◆ **What is being asked**
With pictures left out, set down exactly the lines from the line containing "Wars 【iPhone 16シリーズ対応】シリコンスマホケース（レザー調） 材質：シリコン" through the last line of the data.

Caption-style text data

◆ ◆ ◆ ◆

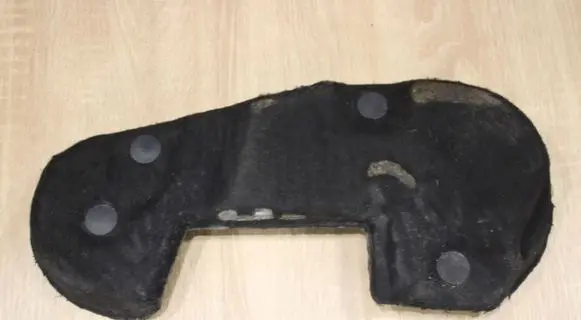 Oil filter mounting bracket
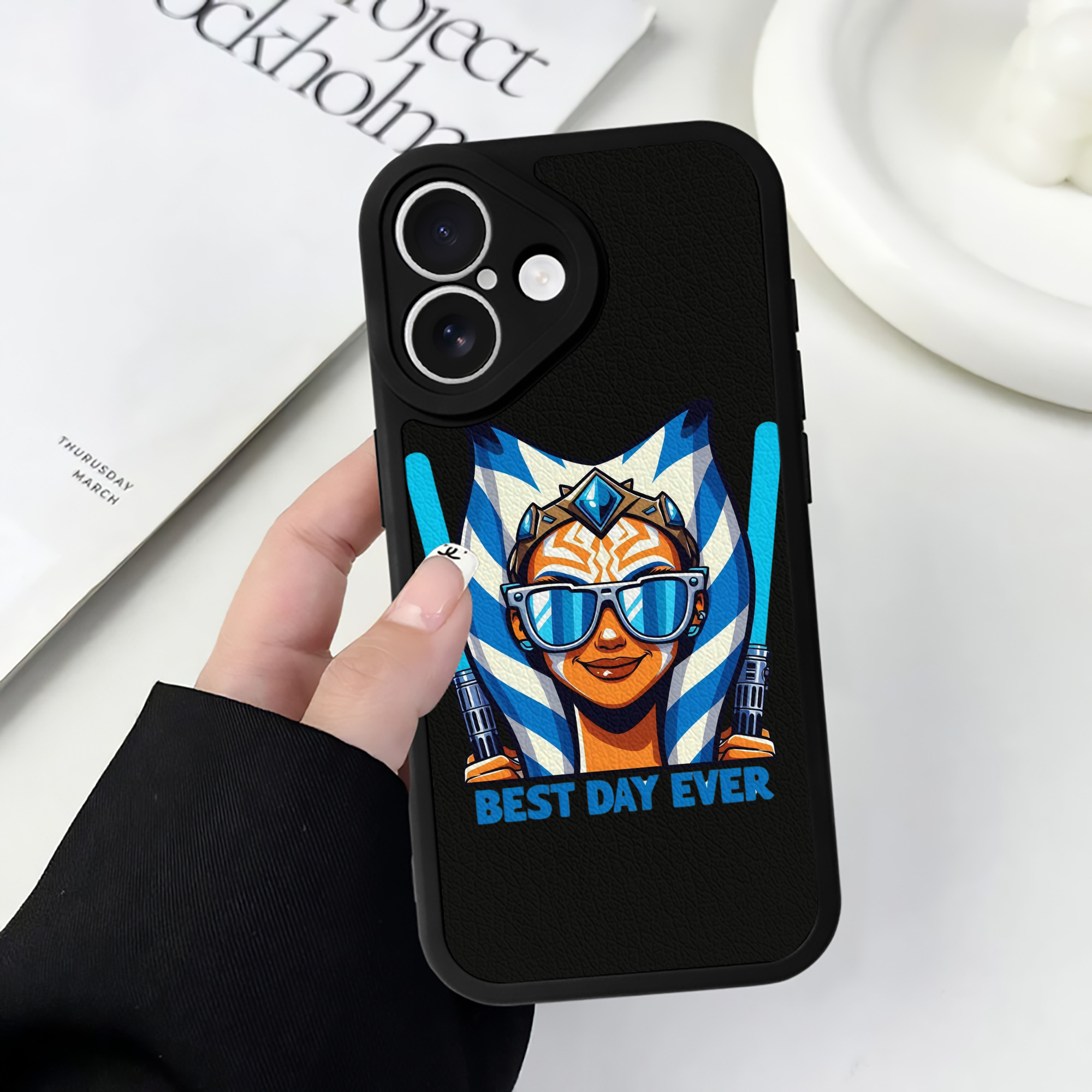 （画像用） スター・ウォーズ Star Wars 【iPhone 16シリーズ対応】シリコンスマホケース（レザー調） 材質：シリコン
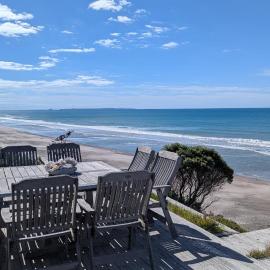 Gorgeous Beach House, hotel din Pukehina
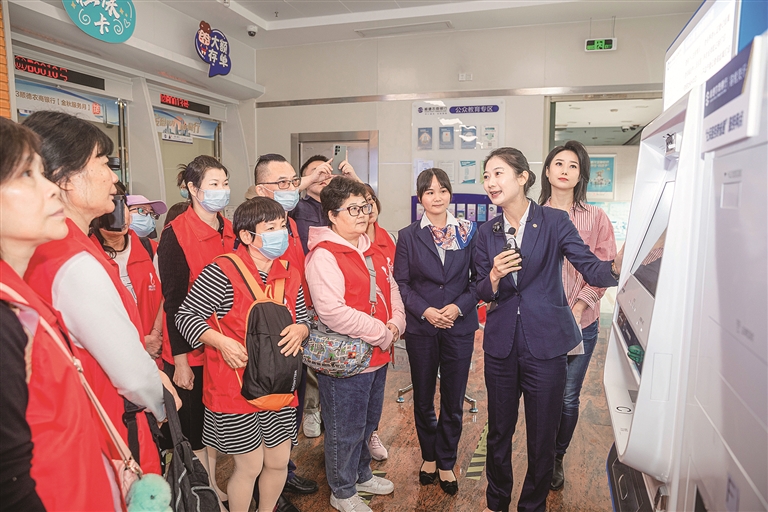 镇村通跨省通 就近办事真轻松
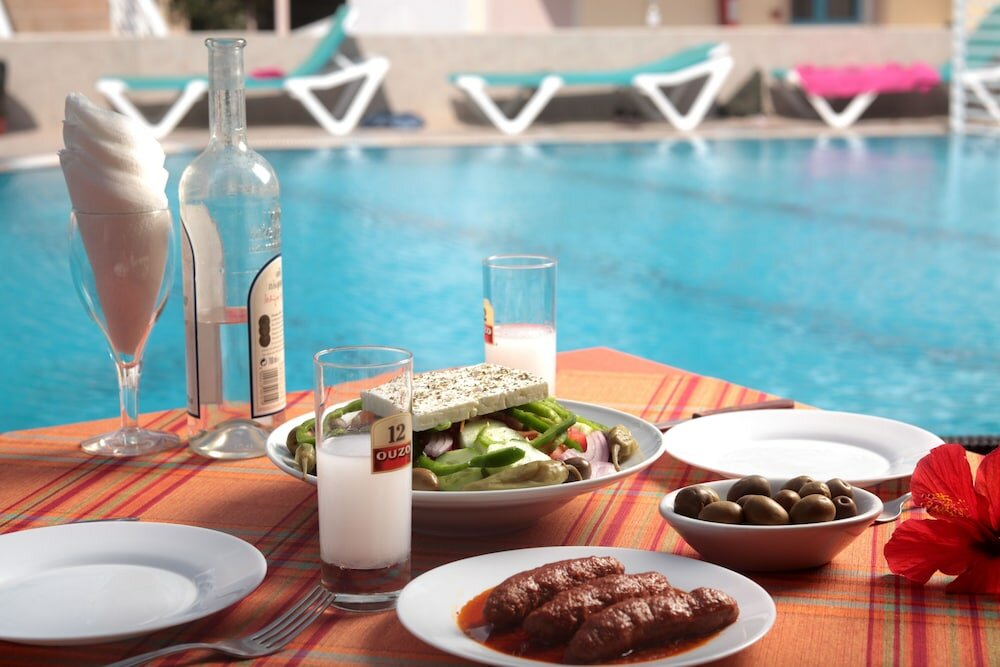 Фото Marietta Hotel & Apartments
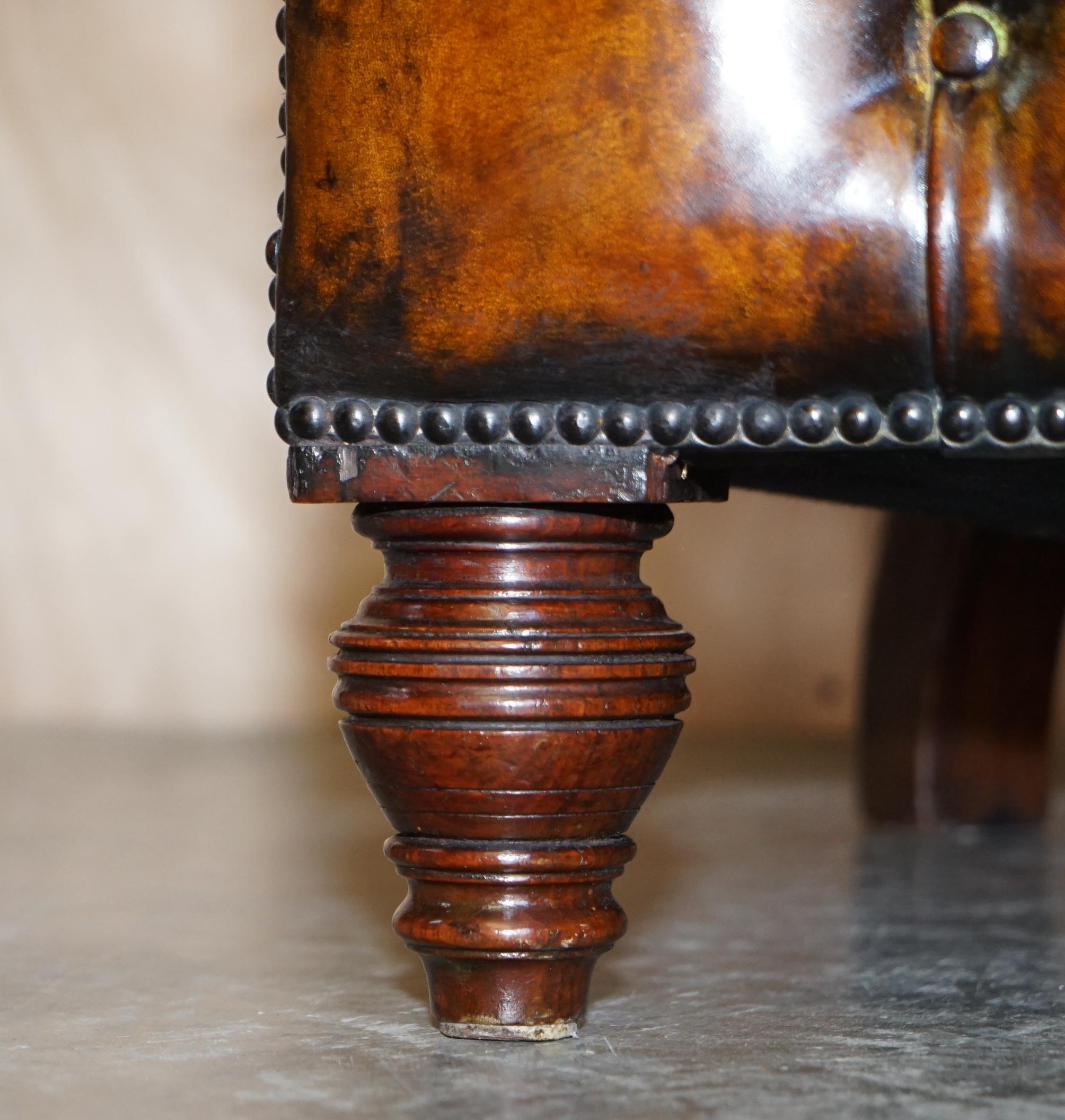 Antiguo sofá victoriano Chesterfield de cuero marrón acolchado Cojines rellenos de plumas Inglés en venta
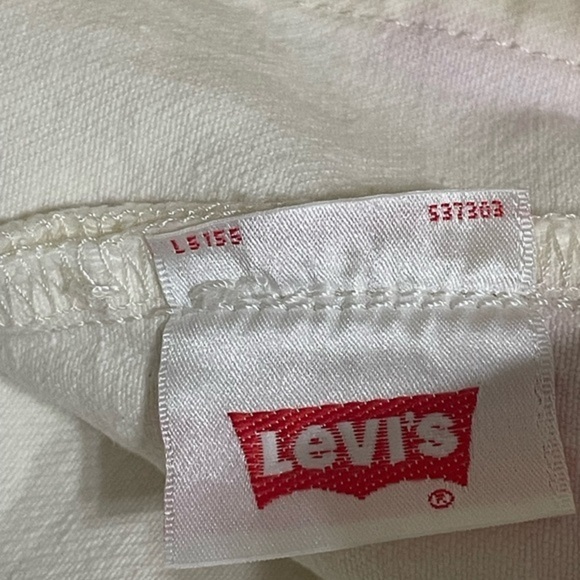 Levi's® 501® Original Women's Jeans, Size 27 x 30 - Picture 11 of 14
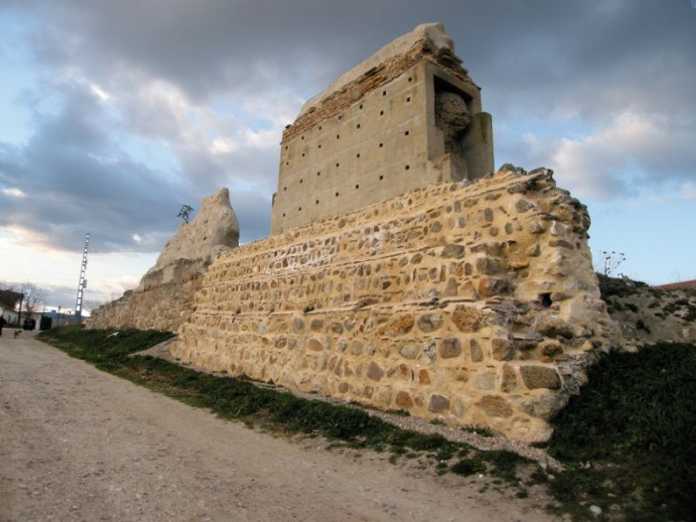 muralla medieval talamanca de jarama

◆ ◆ ◆ ◆

◆ **Task answer**
 （画像用） スター・ウォーズ Star Wars 【iPhone 16シリーズ対応】シリコンスマホケース（レザー調） 材質：シリコン
 Gorgeous Beach House, hotel din Pukehina
 镇村通跨省通 就近办事真轻松
 Фото Marietta Hotel & Apartments
 Antiguo sofá victoriano Chesterfield de cuero marrón acolchado Cojines rellenos de plumas Inglés en venta
 Levi's® 501® Original Women's Jeans, Size 27 x 30 - Picture 11 of 14
 muralla medieval talamanca de jarama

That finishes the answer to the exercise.